Work required >> Drop the images; return everything else in the listing below exactly.
##### Input data #####
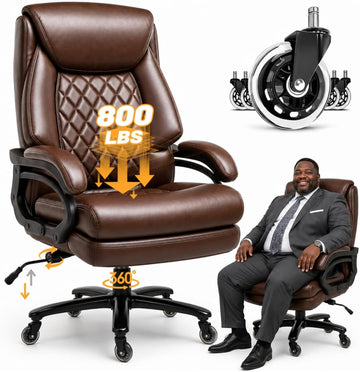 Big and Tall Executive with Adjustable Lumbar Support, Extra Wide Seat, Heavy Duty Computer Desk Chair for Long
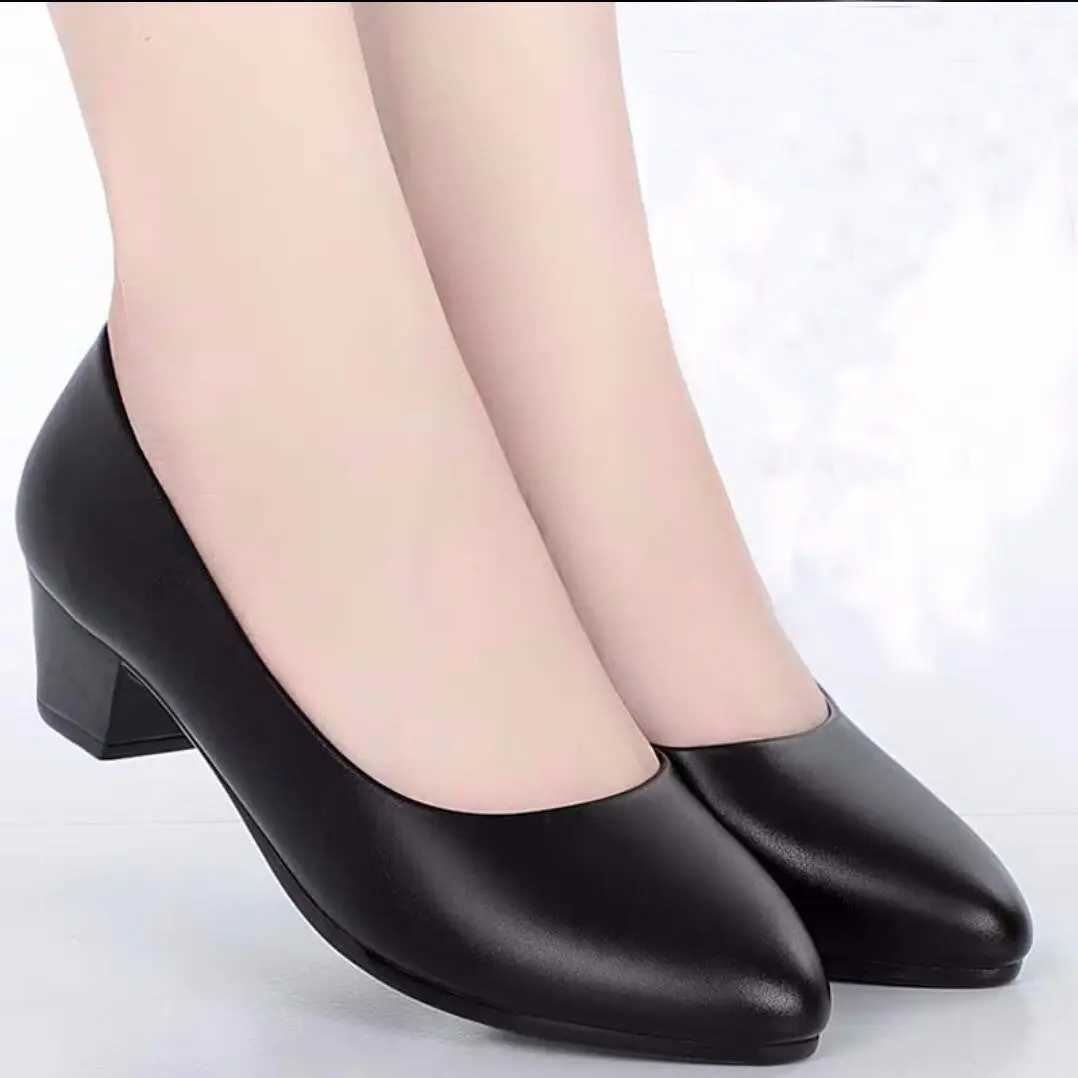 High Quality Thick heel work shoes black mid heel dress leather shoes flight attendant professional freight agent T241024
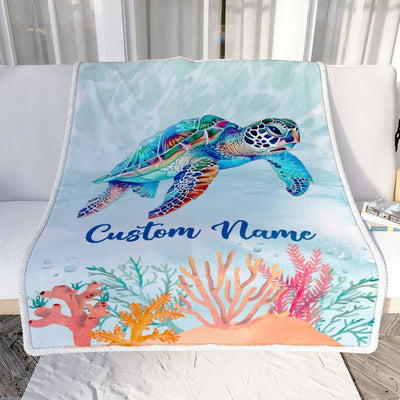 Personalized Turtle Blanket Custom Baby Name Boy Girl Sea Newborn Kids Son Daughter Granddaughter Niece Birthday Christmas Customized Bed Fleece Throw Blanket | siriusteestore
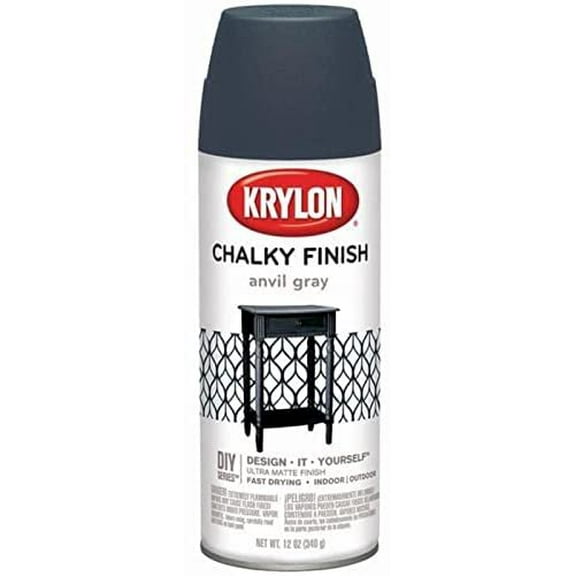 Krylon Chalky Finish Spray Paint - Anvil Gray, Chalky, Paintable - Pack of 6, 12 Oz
#####
Solution to this problem >>
 Big and Tall Executive with Adjustable Lumbar Support, Extra Wide Seat, Heavy Duty Computer Desk Chair for Long
 High Quality Thick heel work shoes black mid heel dress leather shoes flight attendant professional freight agent T241024
 Personalized Turtle Blanket Custom Baby Name Boy Girl Sea Newborn Kids Son Daughter Granddaughter Niece Birthday Christmas Customized Bed Fleece Throw Blanket | siriusteestore
 Krylon Chalky Finish Spray Paint - Anvil Gray, Chalky, Paintable - Pack of 6, 12 Oz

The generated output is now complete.